Книга вторая
Сказав это, я думал, что уже избавился от разговора; однако ж открылось, что то было только вступление, ибо Главкон, по обычаю всегда и для всего мужественный, не одобрил даже и теперь отказа Тразимахова, но сказал:
– Сократ! Неужели ты хочешь, чтобы мы казались убежденными или действительно поверили, что во всяком случае лучше быть справедливым?
– Да, в самом деле хотелось бы, – отвечал я, – если бы это было по моим силам.
– Так ты не делаешь того, чего хочешь, – возразил он. – Скажи-ка мне[59], не представляется ли тебе благо чем-либо таким, что мы желали бы иметь, стремясь не к следствиям, из того вытекающим, но любя желаемый предмет ради его самого? Например, мы желали бы наслаждаться радостью[60] и неподдельными удовольствиями, хотя из них для времени последующего не вытекает ничего, кроме радости того лица, которое ими наслаждается.
– Да, мне представляется оно чем-то таким, – отвечал я.
– А что? Не благо ли и то, которое мы любим и ради его самого, и ради его следствий? Например, умствование, зрение, здоровье: ведь это приятно нам, должно быть, по той и другой причине.
– Да, – сказал я.
– Но не видишь ли, – спросил он, – и третьего рода блага, к которому относятся и телесные упражнения, и пользование больного, и врачевание, и, кроме того, собирание денег? Эти занятия можно назвать трудными, однако полезными для нас, и мы, конечно, не хотели бы предпринимать их для них самих, а предпринимаем за плату и ради других выгод, которые из того проистекают.

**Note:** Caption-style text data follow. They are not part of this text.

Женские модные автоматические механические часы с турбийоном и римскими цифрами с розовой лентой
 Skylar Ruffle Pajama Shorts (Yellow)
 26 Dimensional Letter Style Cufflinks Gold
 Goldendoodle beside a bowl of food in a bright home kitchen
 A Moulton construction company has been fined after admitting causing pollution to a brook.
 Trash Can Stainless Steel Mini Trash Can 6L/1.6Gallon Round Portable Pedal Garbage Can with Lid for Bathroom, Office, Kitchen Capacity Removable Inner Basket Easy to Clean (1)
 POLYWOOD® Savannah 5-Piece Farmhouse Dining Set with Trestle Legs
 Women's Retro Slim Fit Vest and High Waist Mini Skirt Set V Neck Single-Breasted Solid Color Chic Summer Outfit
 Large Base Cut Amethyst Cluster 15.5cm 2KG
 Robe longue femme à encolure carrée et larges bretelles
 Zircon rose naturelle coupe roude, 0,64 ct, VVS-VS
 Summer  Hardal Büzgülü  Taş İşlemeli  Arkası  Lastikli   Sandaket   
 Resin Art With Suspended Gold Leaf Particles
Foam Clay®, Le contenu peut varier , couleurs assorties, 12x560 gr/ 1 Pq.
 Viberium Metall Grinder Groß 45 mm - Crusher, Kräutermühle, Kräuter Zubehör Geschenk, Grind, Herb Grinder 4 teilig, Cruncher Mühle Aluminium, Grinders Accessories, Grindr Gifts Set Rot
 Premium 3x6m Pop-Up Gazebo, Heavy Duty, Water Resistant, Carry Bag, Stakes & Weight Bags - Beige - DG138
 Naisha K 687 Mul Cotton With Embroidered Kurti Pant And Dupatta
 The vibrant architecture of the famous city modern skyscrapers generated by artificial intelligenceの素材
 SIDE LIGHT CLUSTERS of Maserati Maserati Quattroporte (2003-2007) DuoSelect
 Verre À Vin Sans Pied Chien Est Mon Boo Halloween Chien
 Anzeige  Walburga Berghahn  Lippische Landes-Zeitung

– Точно, это третий род, – сказал я. – Так что ж?
– В котором из них, – спросил он, – поставляешь ты справедливость?
– По моему мнению, – отвечал я, – она заключается в роде превосходнейшем, именно в том, который всякому, желающему счастья, должен быть любезен и ради его самого, и ради его следствий.
– Однако ж большинству людей кажется не это, – сказал он. – Люди поставляют справедливость в роде трудном, которым надобно заниматься для платы и известности, производимой молвой; а сама по себе[61] она должна быть отвергаема как дело тяжелое.
– Знаю, что так кажется, – продолжал я, – и Тразимах давно уже порицает ее за это, а несправедливость хвалит: но, видно, я как-то тупоумен.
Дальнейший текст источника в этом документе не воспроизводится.